For too long, British politics has been stuck in a stale, artificial duopoly. Differences of opinion within parties have been denied or hidden, disagreements between parties have been artificially inflated by what Grimond called ‘the distorting pressures of parliament’.
Politicians have seen little contradiction between lecturing the nation on the need for civility and responsibility while operating in a House of Commons that has too often resembled a cross between a bear-pit and a football terrace.
The fact of emergence of coalition government is changing the way politics is conducted, in a hugely positive direction. Of course it is challenging for all of us in government. It is challenging for the civil service. And it poses a challenge to the opposition parties too. But I am hugely excited not only by the measures being undertaken by the coalition government, but the way in which we are undertaking them.
The biggest change is in the way political decisions are made. Open discussion is encouraged, not thwarted. We want robust dialogue and dissent in politics: indeed, from a liberal perspective, argument is a critical tool of progress. But we do not need poisonous tribalism.
Sometimes we can agree to disagree. A compromise might sometimes be the best way forward, rather than representing a defeat for politician X and a victory for politician Y. Sometimes – and here I am going to court great controversy – we might even change our minds.
It is too easy for politicians to fall into the trap of knee-jerk opposition, to spend all their time in a combat stance, to stop listening to those with whom they disagree. But the time for this kind of politics has passed. There is a thirst for a new and different way of doing politics, and I think we are responding. Politics is changing before our eyes, and I am genuinely afraid that the Labour party is blind to the transformation.
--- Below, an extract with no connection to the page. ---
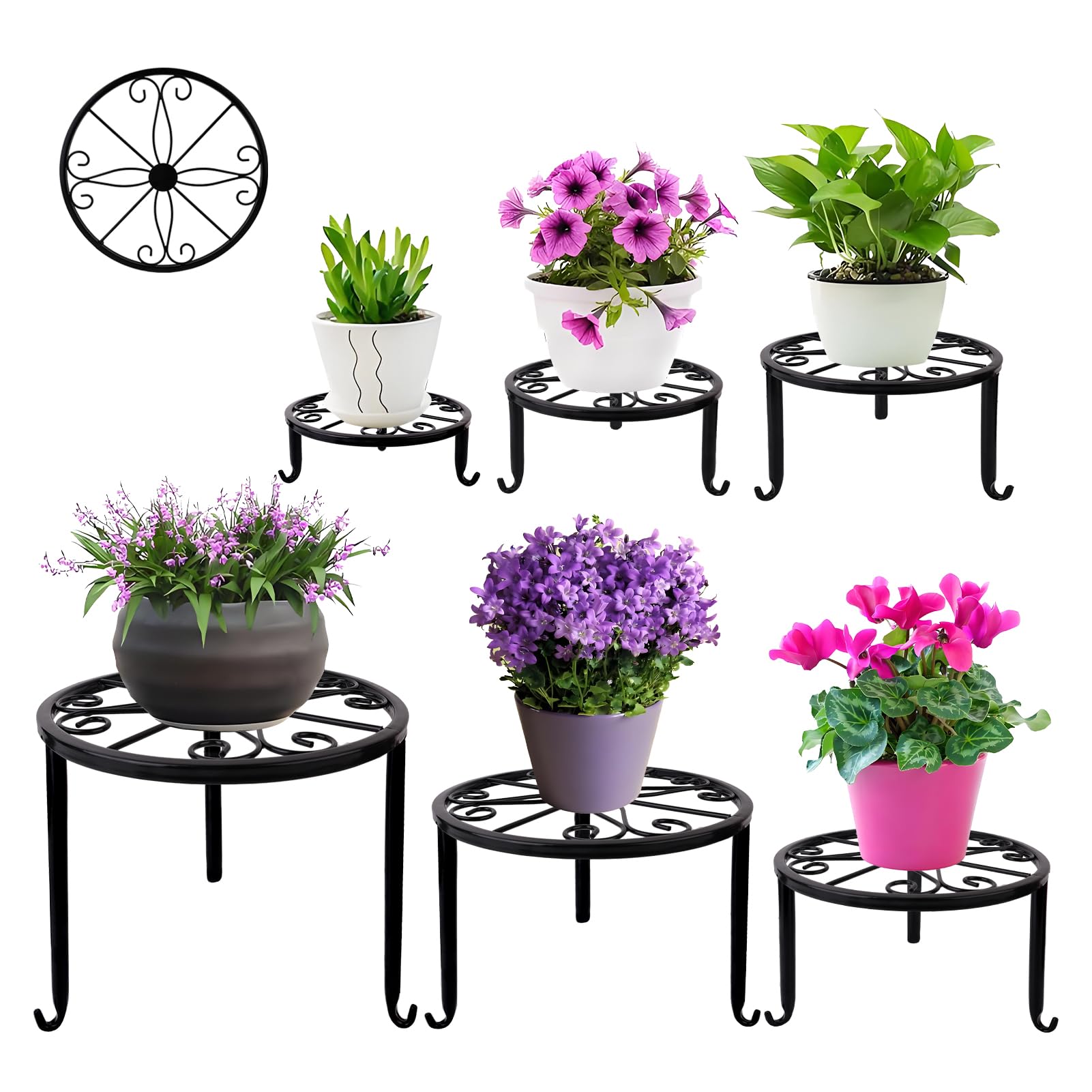 Acteomsly 6-Pack Metal Plant Stands in black, various sizes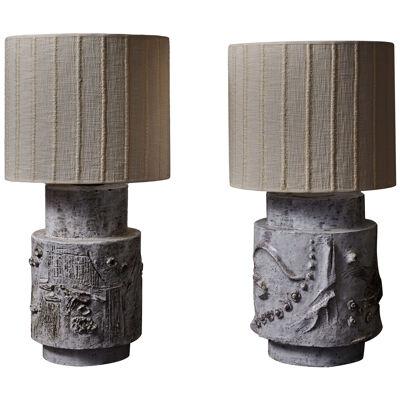 Important Pair of Ceramic Table Lamps, 1960s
This parliament will be a challenging one. But it is also set to be a truly reforming parliament – a liberal parliament. By 2015:
power will have been radically redistributed towards people
our civil liberties will have been restored
our broken political system will be repaired
our economy will be balanced, green and growing
If the coalition Government succeeds, by 2015 Britain will be a more liberal nation, a nation of stronger citizens living in a fairer society. I am under no illusions about the scale of this ambition. But I am also in no doubt that we can achieve it.